**To do:** Pictures appear among the records below and must be omitted. Repeat exactly the lines from the line with "Jose, California Con" to the line with "江南杭州西湖苏堤旅游湖面上的观光船高清在线视频素材下载", both included.

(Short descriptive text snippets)
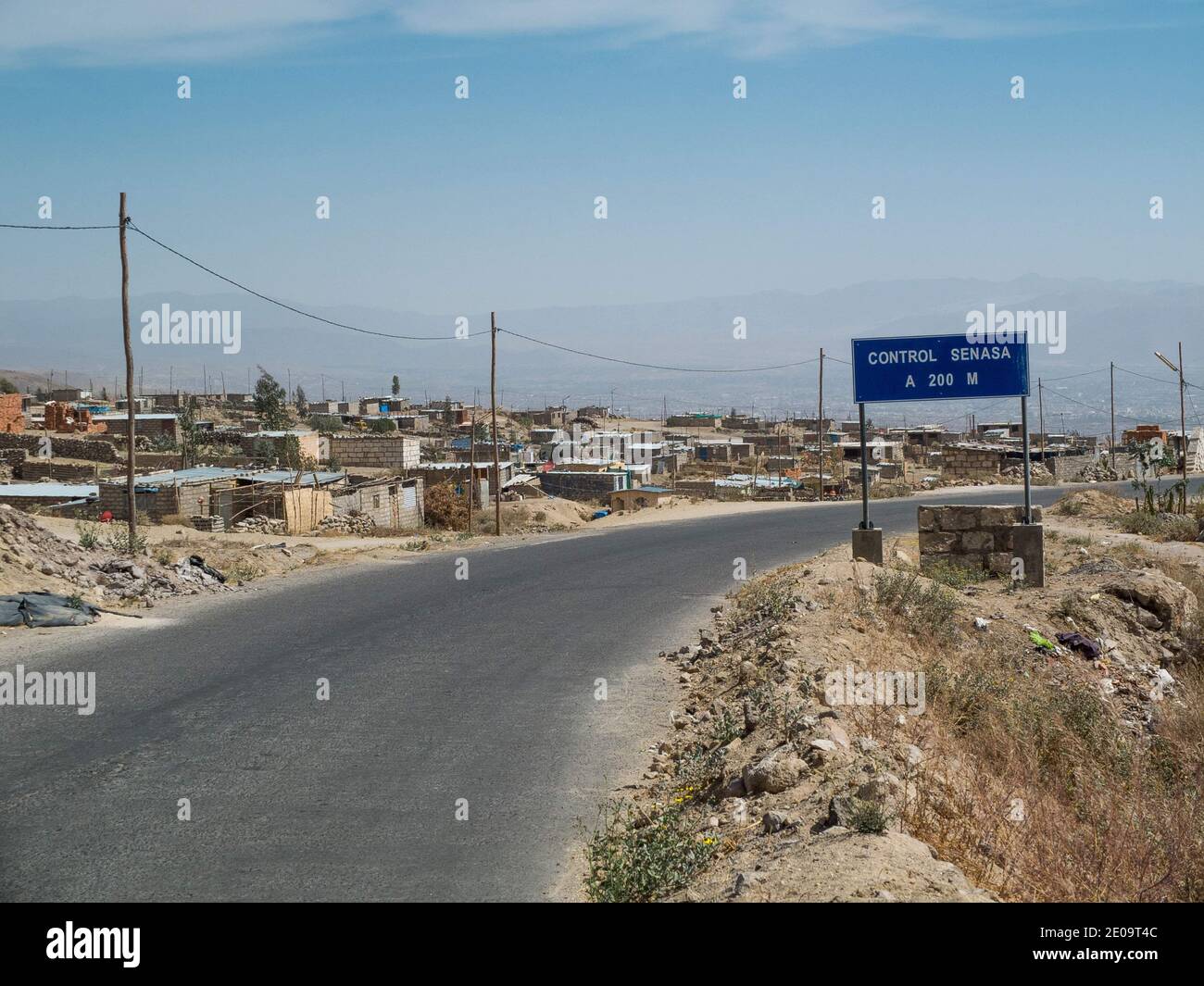 A road on the outskirts of Arequipa, Peru. Small concrete huts are scattered through the area inhabited by some of the city's lower income residents Stock Photo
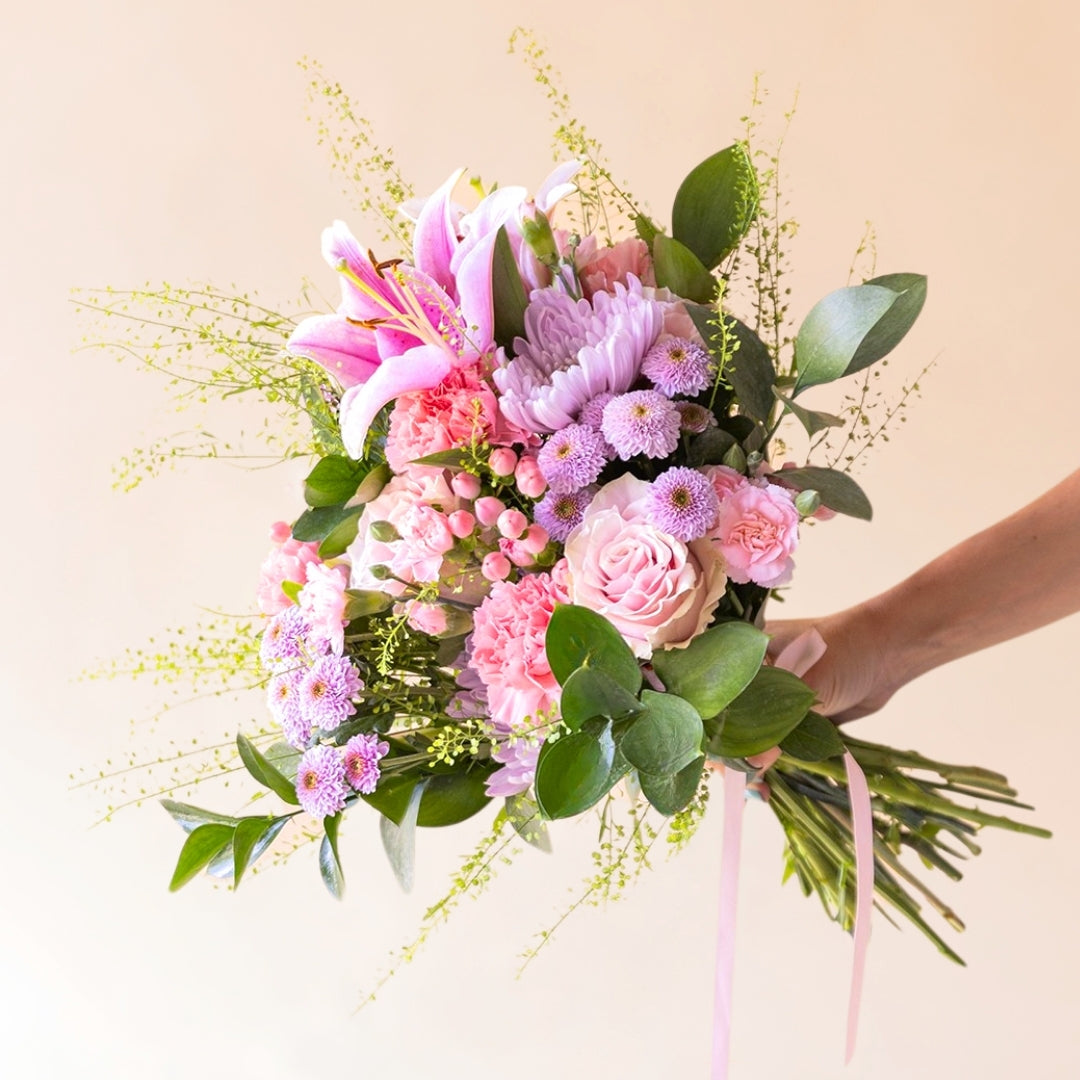 Mano sosteniendo el ramo El Bonito de flores rosas con lirios, crisantemos e hipericum de Colvin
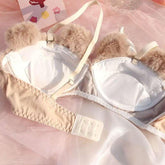 Beige and white padded bra with faux fur trim, adjustable straps, and hook closure, laid on pink tulle fabric.
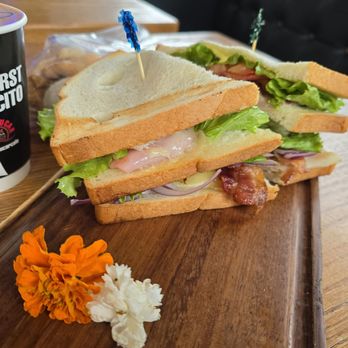 Con Azucar Cafe - Club sandwich plated on a cutting board with pretty flowers - Coffee & Tea Near Me - San Jose, California Con Azucar Cafe - Club sandwich plated on a cutting board with pretty flowers - Coffee & Tea Near Me - San Jose, California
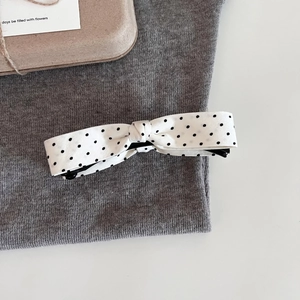 Close-up of white fabric bow hair clip with black polka dots on a soft grey textile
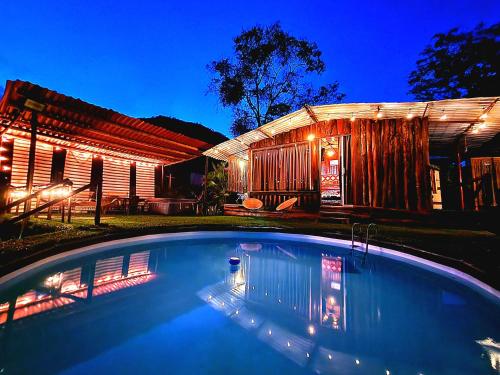 a swimming pool in front of a house at night at Posada Turistica Rural y Glamping Altos del Dorado La Mesa in La Mesa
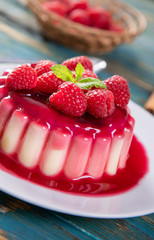 Delicious panna cotta dessert with raspberries sauce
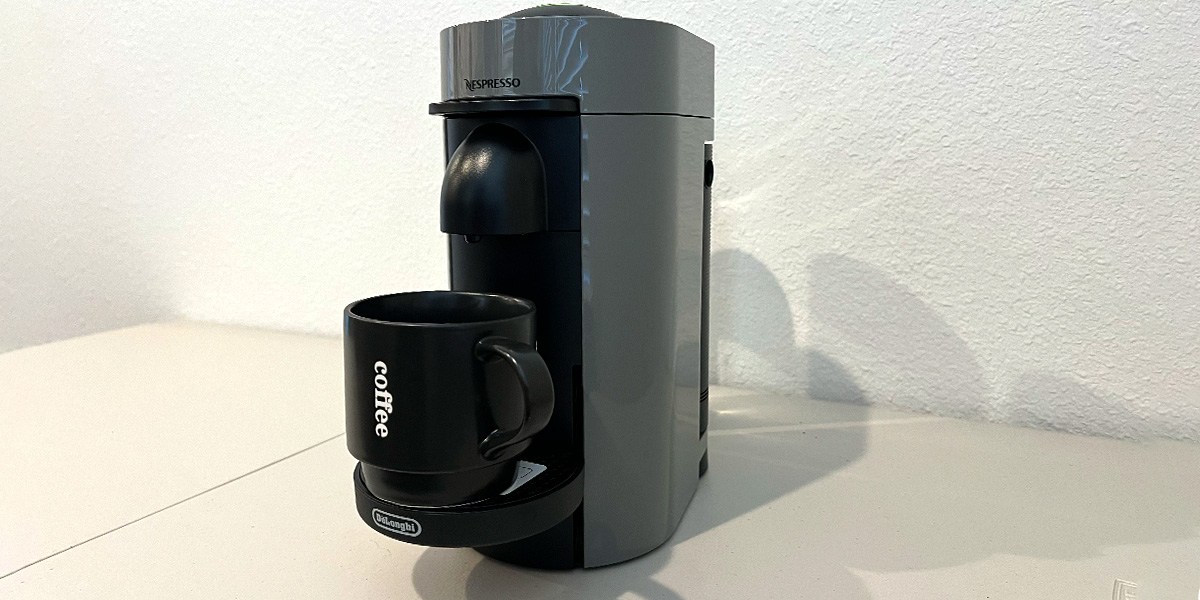 Black Nespresso VertuoPlus Deluxe by De’Longhi on countertop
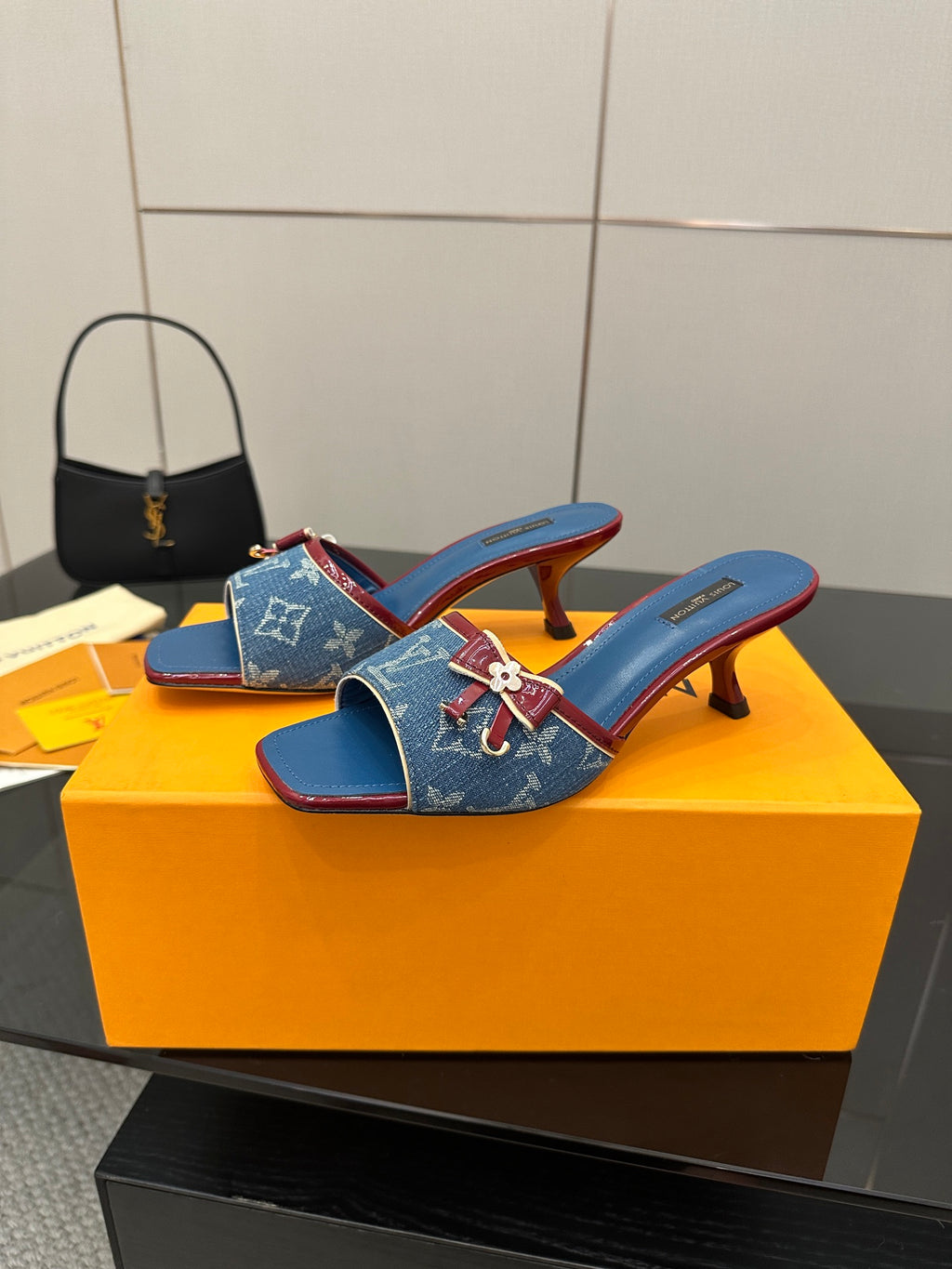 Louis Vuitton women's blue monogram slide mules with bow detail and mid heel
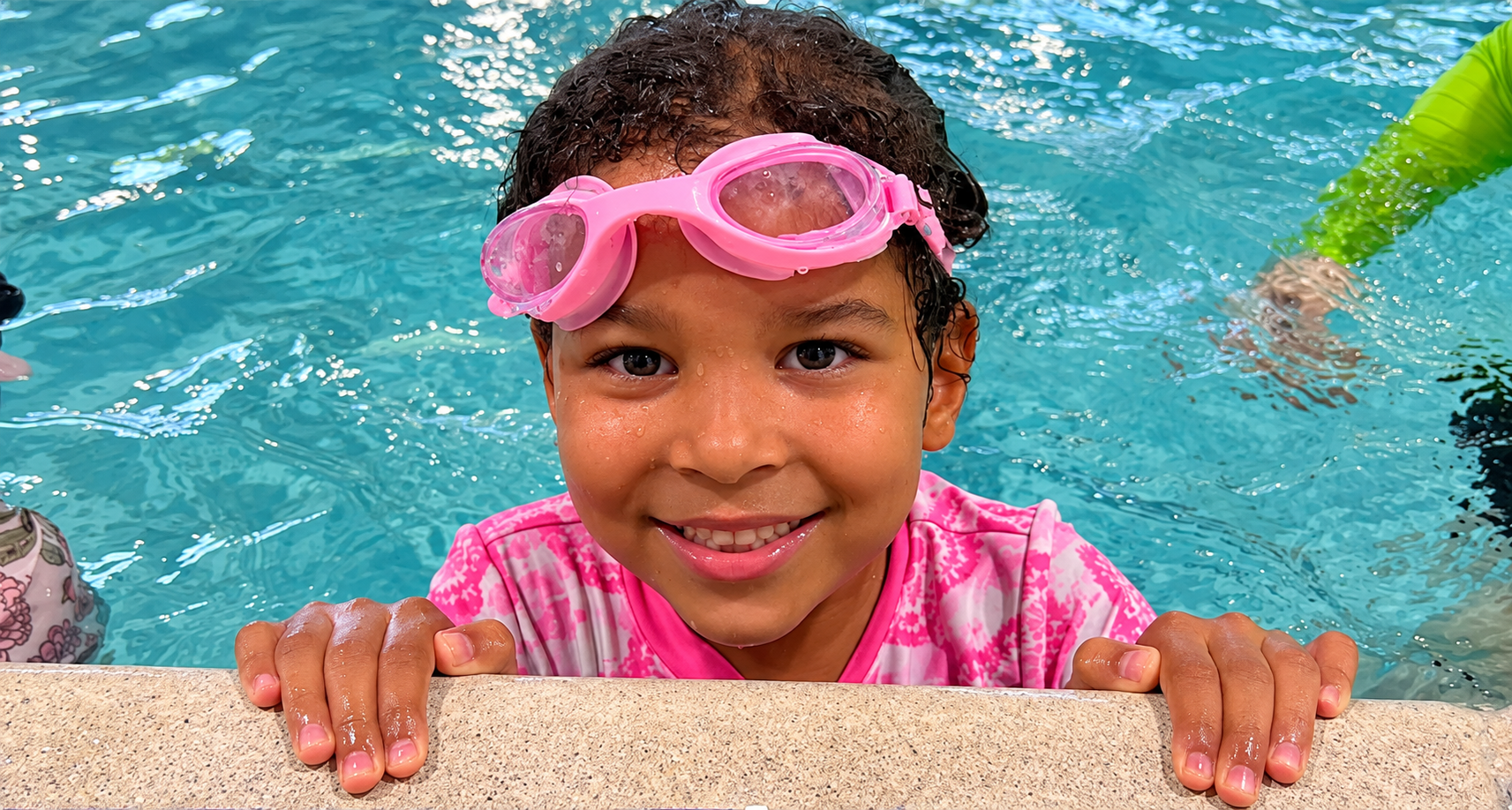 Young swimmer wearing pink goggles at the pool edge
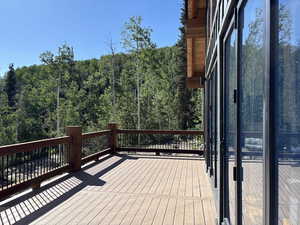 Deck featuring a wooded view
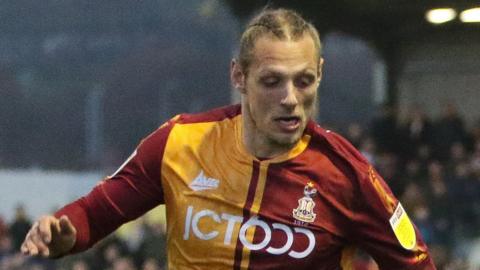 Oscar Threlkeld in action during a League Two match between Barrow and Bradford City at Holker Street, Barrow-in-Furness in January 2022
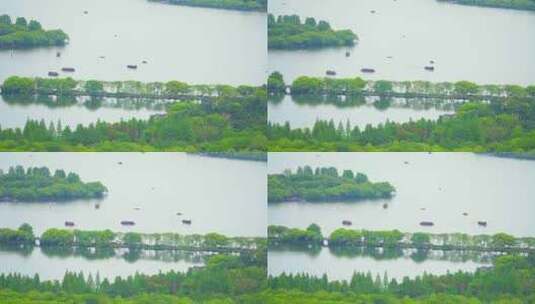 江南杭州西湖苏堤旅游湖面上的观光船高清在线视频素材下载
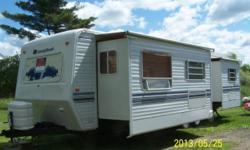 PRICE REDUCED!! Tow behind camper trailer for sale. 33' - 2001 Titan Sunnybrook trailer with 2 slide outs, sleeps 6. It is fully stocked with furnace, 10 gal hot water heater, stove & oven, microwave, 8 cu ft. refrigerator/freezer, air conditioning, small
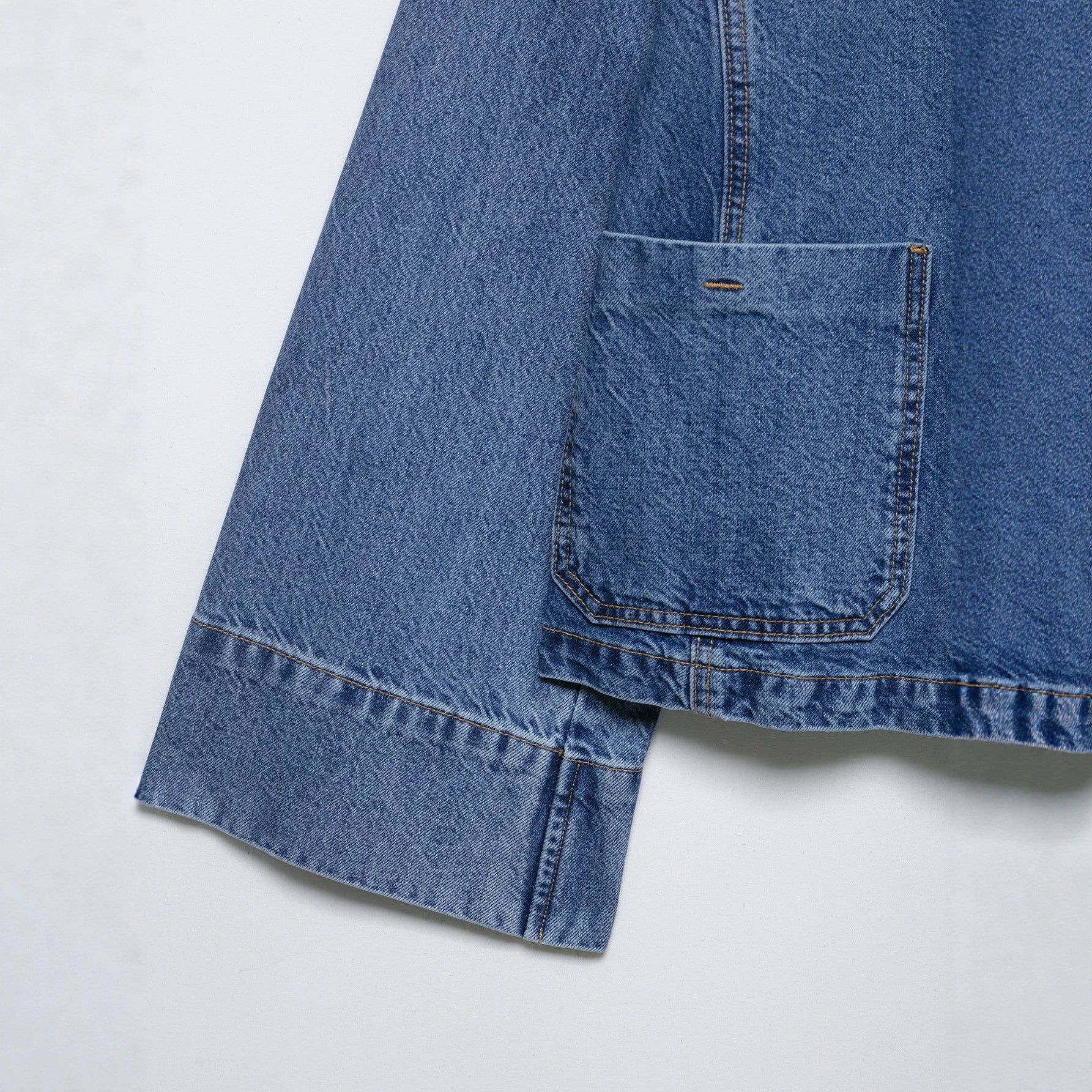 Women's Cropped Oversized Denim Jacket with Large Patch Pockets and Visible Button Placket Chichicherry
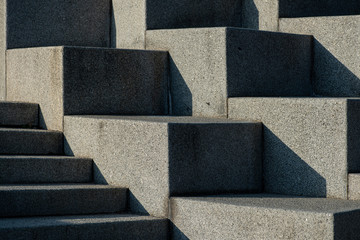 Abstract stairs, steps made of granite, often seen on monuments and landmarks,diagonal lit by bright sun light
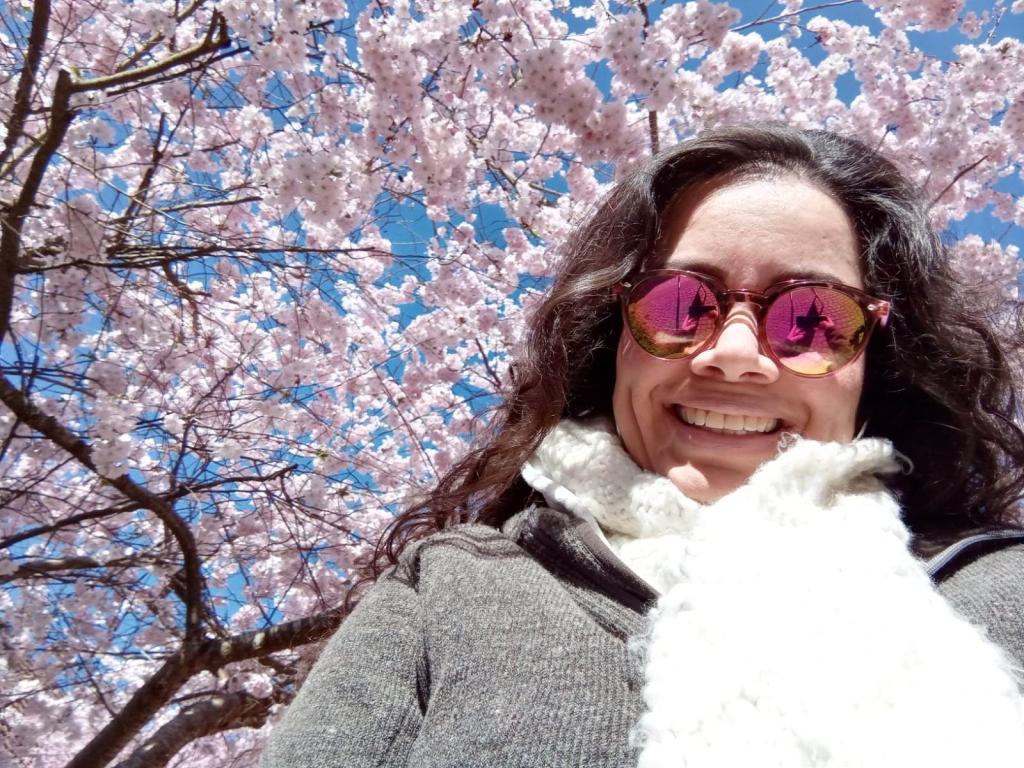 ¿Qué es lo que más desea una persona con alta sensibilidad? Un entorno tranquilo y armonioso.
Descripción de la imagen: Persona sonriendo con gafas oscuras de vidrios rosa con un árbol de cerezo al fondo y un cielo azul despejado.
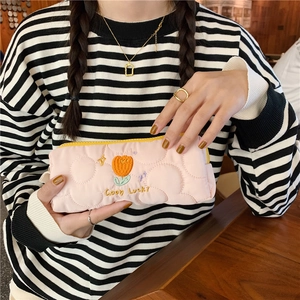 Detailed embroidered tulip on a pink quilted fabric stationery bag with Good Lucky text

**Expected answer:**
 Con Azucar Cafe - Club sandwich plated on a cutting board with pretty flowers - Coffee & Tea Near Me - San Jose, California Con Azucar Cafe - Club sandwich plated on a cutting board with pretty flowers - Coffee & Tea Near Me - San Jose, California
 Close-up of white fabric bow hair clip with black polka dots on a soft grey textile
 a swimming pool in front of a house at night at Posada Turistica Rural y Glamping Altos del Dorado La Mesa in La Mesa
 Delicious panna cotta dessert with raspberries sauce
 Black Nespresso VertuoPlus Deluxe by De’Longhi on countertop
 Louis Vuitton women's blue monogram slide mules with bow detail and mid heel
 Young swimmer wearing pink goggles at the pool edge
 Deck featuring a wooded view
 Oscar Threlkeld in action during a League Two match between Barrow and Bradford City at Holker Street, Barrow-in-Furness in January 2022
 江南杭州西湖苏堤旅游湖面上的观光船高清在线视频素材下载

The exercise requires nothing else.